*TASK BRIEF*.
Would you transcribe the lines running from the one that holds "BMW 420 din" to the last line of the records? Leave every picture out.

-- Opening Marker --

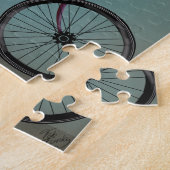 Puzzle Tandem berger allemand (Côté)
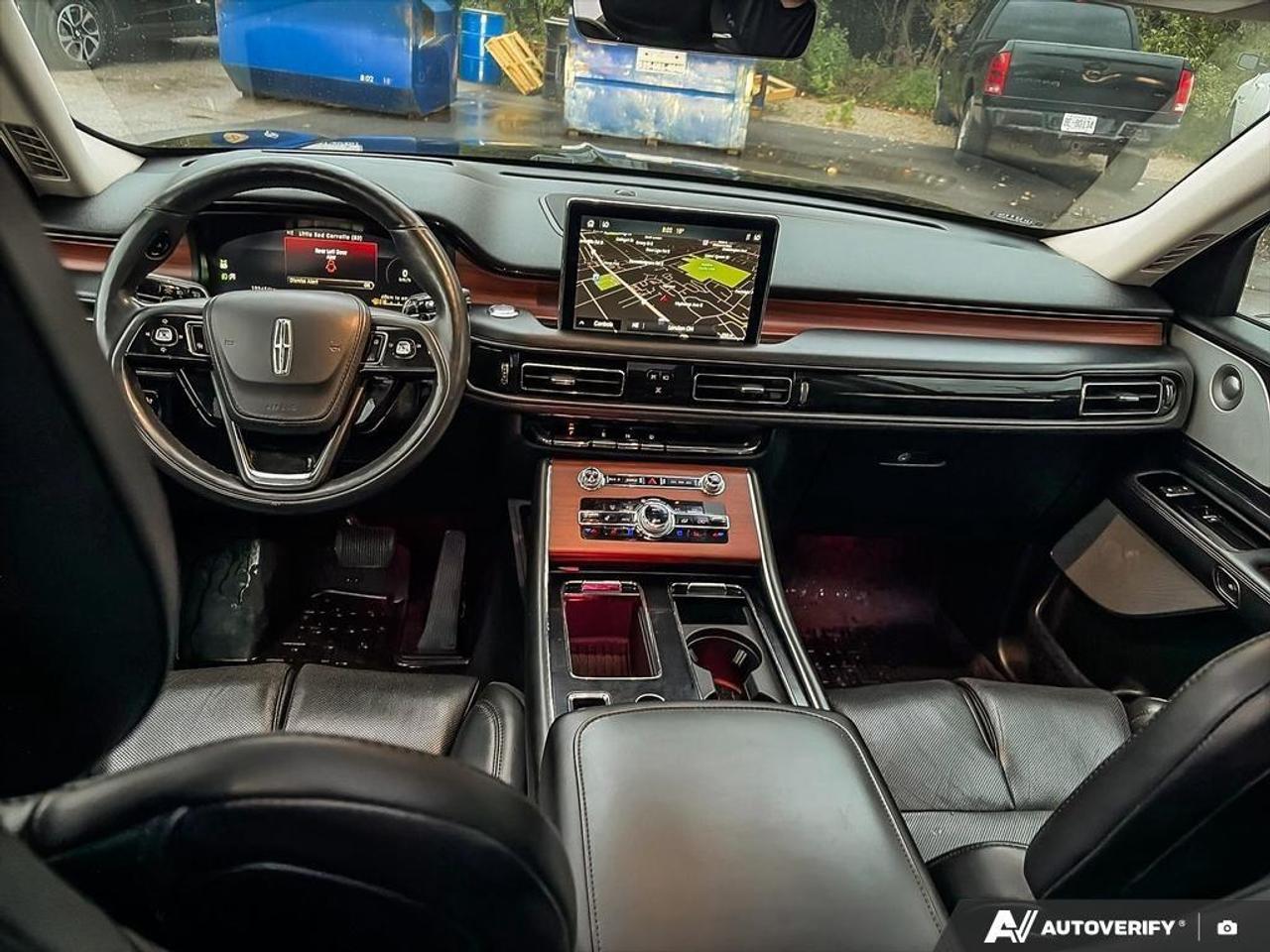 2021 Lincoln Aviator Reserve 4dr All-Wheel Drive Photo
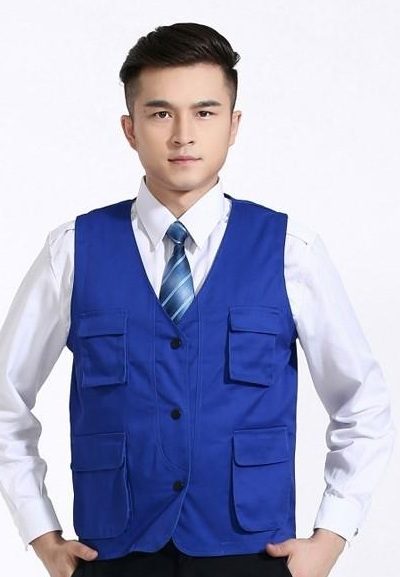 Bảo Hộ Lao Động-Áo Gile Bảo Hộ 45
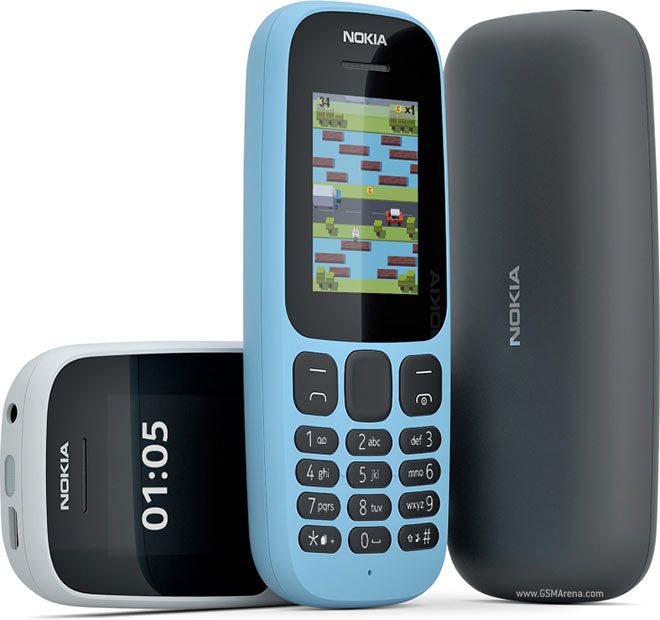 Nokia 105 ( 2017 ) Specifications and Price in Kenya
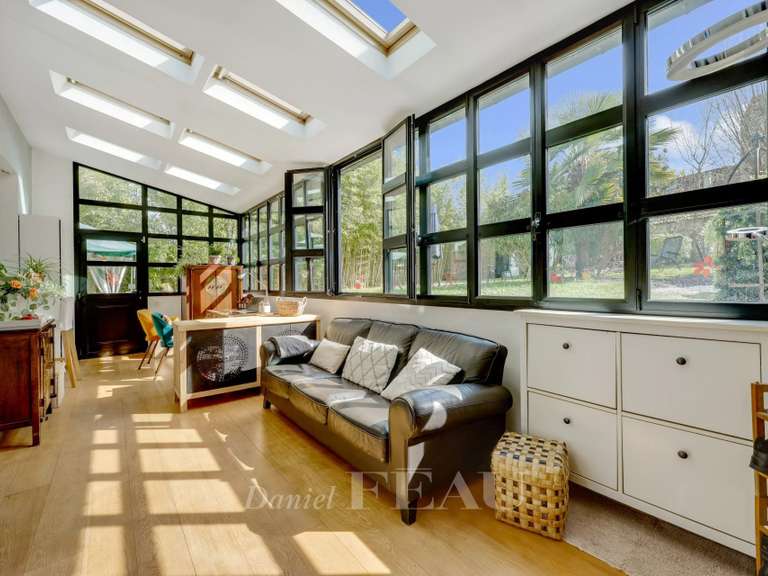 Maison Villennes-sur-Seine - 3 chambres - 216m²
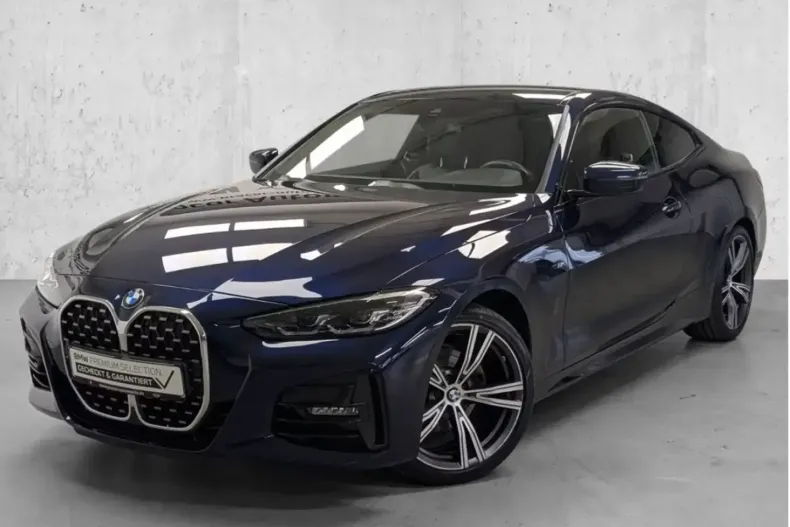 BMW 420 din 2021 cu 41.536 km - oferta BMW141734 - foto 1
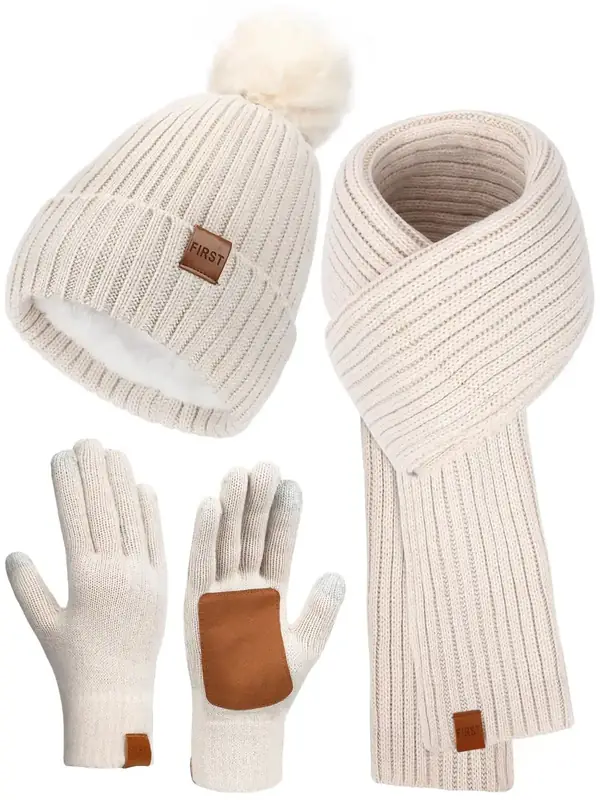 Wrangler fleece lined scarf image 2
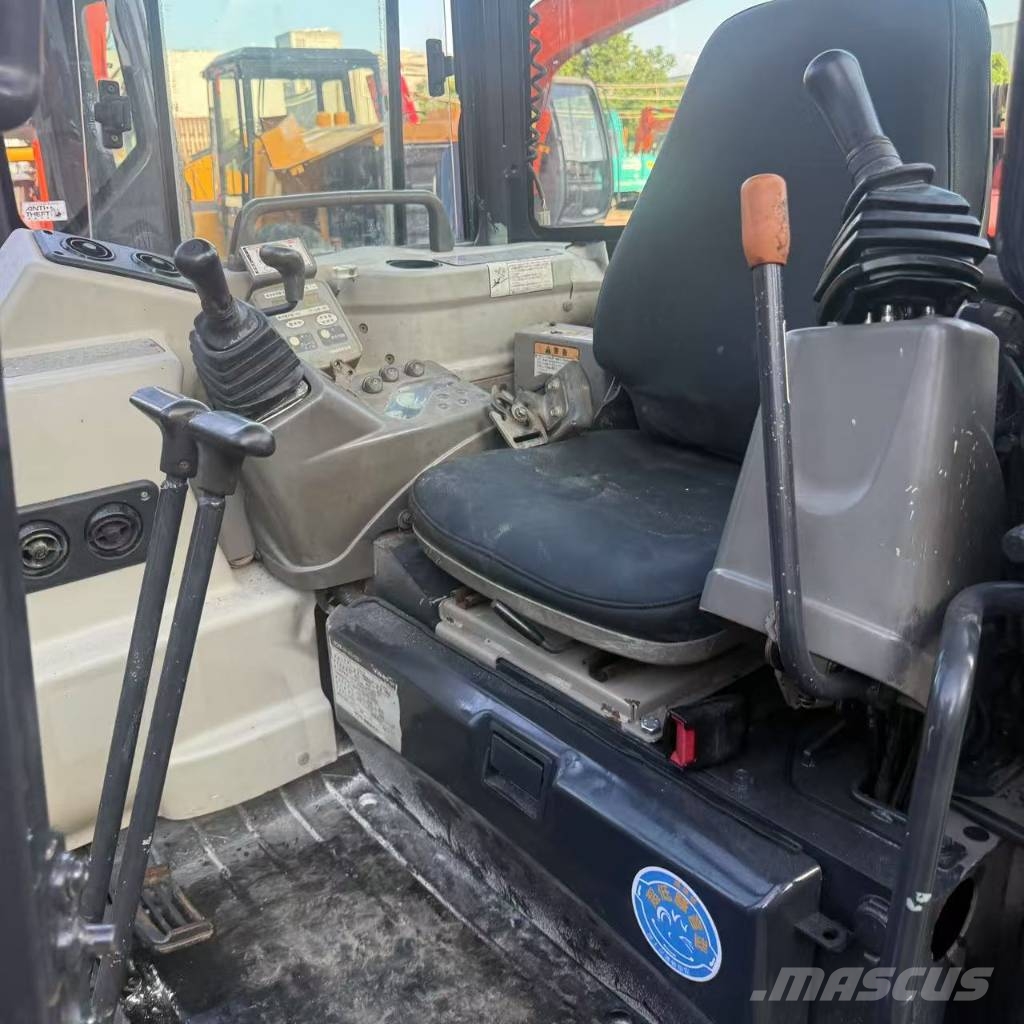 Kubota KX 040 Minigraafmachines < 7t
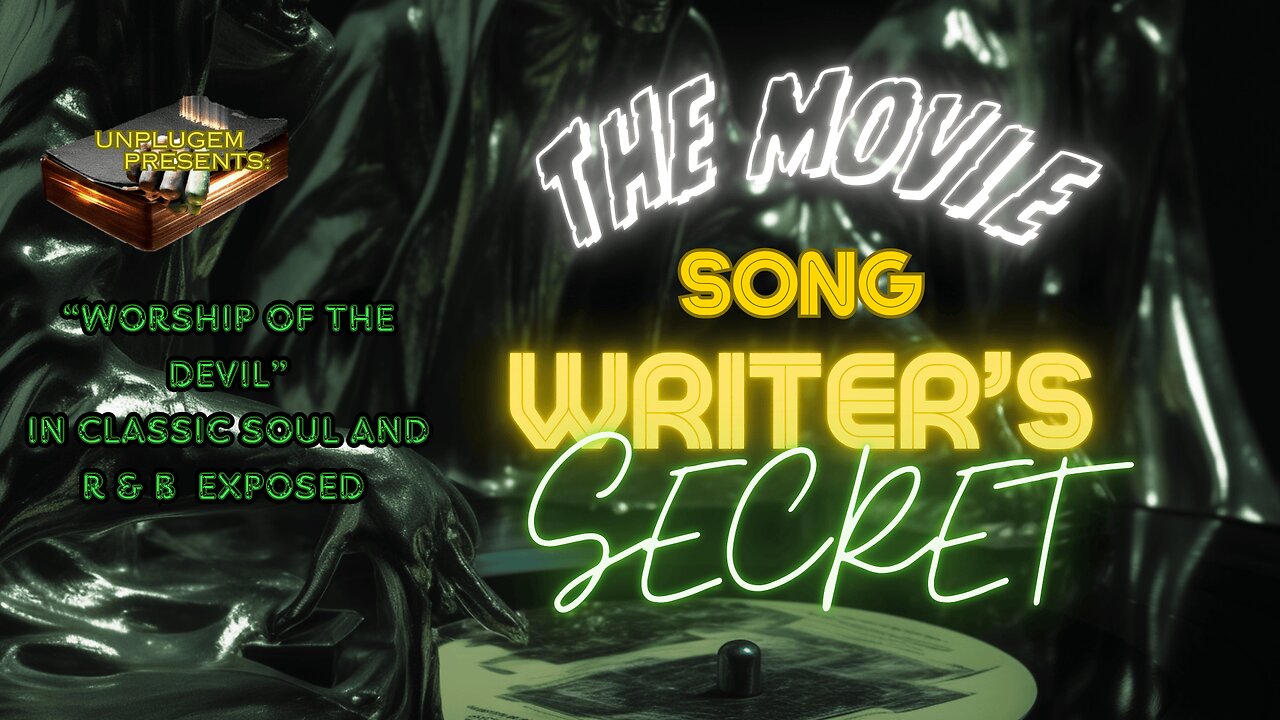 Song Writer's Secret SWS The Movie 2/4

-- Closing Marker --

*ANSWER TO THIS EXERCISE*.
 BMW 420 din 2021 cu 41.536 km - oferta BMW141734 - foto 1
 Wrangler fleece lined scarf image 2
 Kubota KX 040 Minigraafmachines < 7t
 Song Writer's Secret SWS The Movie 2/4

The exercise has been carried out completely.